Header Ads

Risoles Kedai Bunbun Soreang

Risoles tergolong pastri yang lazim berisi daging cincang, sayuran yang dibungkus dadar kemudian digoreng dengan dilapisi tepung panir dan kocokan telur ayam terlebih dahulu. Risoles pun bisa dipanggang di dalam oven untuk disajikan sebagai cemilan saat kumpul bareng keluarga.

Nah, berbicara seputar makanan risoles kami akan coba bercerita tentang usaha yang dibangun sekitar 3 bulan yang lalu di Soreang. Namanya Neni Sariningsih, seorang ibu dengan 3 orang anak mencoba menjelaskan usahanya kepada kami belum lama ini.

"Yang mendorong saya untuk menjalankan bisnis kuliner karena saya bisa mengerjakannya di rumah," ungkap Neni (41 tahun) saat ditanya alasan kenapa memilih risoles untuk bisnisnya tersebut.

"Dan risoles terbilang cemilan yang disukai berbagai kalangan," sambungnya.

Maka lahirlah Kedai Bunbun. Itulah brand yang diusung oleh Neni sejak tiga bulan yang lalu sampai dengan hari ini. Usahanya ini terbilang cepat pergerakannya, terbukti usahanya sudah bisa ditemukan di aplikasi GoFood dengan nama yang sama, "Kedai Bunbun".

Karena baru 3 bulan saja usia dari bisnis kulinernya tersebut maka wajar saat ini pemasaran masih seputar para tetangga di perumahan, kerabat, teman-teman serta relasi bisnis saja.

Kedai Bunbun milik ibu Neni ini bisa ditemukan di Soreang, tepatnya di Perumahan Parahyangan Kencana. Saat ini risoles yang diproduksinya baru memiliki 3 (tiga) varian. 

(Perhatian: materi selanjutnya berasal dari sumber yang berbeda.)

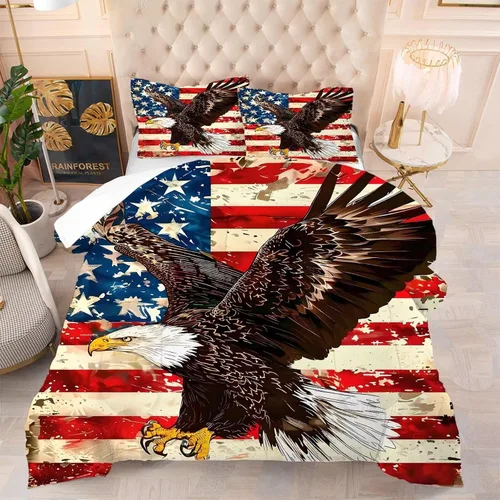 Vista 56 de kxry Juego de edredón de 250 años de Estados Unidos, tamaño individual, ropa de cama vintage de estatua de la libertad y bandera estadounidense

"Ada isi sayur, isi suir ayam dan isi keju mozarela," urai Neni kepada UKM Bandung

Rentang harga yang dibanderol untuk risolesnya ini masih terbilang standar yaitu di kisaran 3000 hingga 6000 paling tinggi. 

Daftar Harga & Menu Risoles Kedai Bunbun Soreang


Daftar Harga & Menu Risoles Kedai Bunbun Soreang

Risoles Mozzarella - 5k
Risoles Sosis Mozzarella - 6k
Risoles Sayur Ayam Pedas - 3k
Risoles Ayam Suwir - 5k
Risoles Ayam Suwir Moza - 6k

Itulah UKM Punya Cerita seputar Risoles Kedai Bunbun Soreang yang dikelola oleh ibu Neni. Di saat keadaan masih pandemi dan roda perekonomian secara umum belum terbilang baik, rupanya tidak menyurutkan semangat orang-orang untuk tetap ikhtiar dan kreatif. Seperti ibu Neni misalnya -- semoga cerita kali ini bisa menginspirasi semua yang membaca. Semangat!

Tidak ada komentar

Komentar tanpa ujaran kebencian. NO SARA - terima kasih.

Diberdayakan oleh Blogger.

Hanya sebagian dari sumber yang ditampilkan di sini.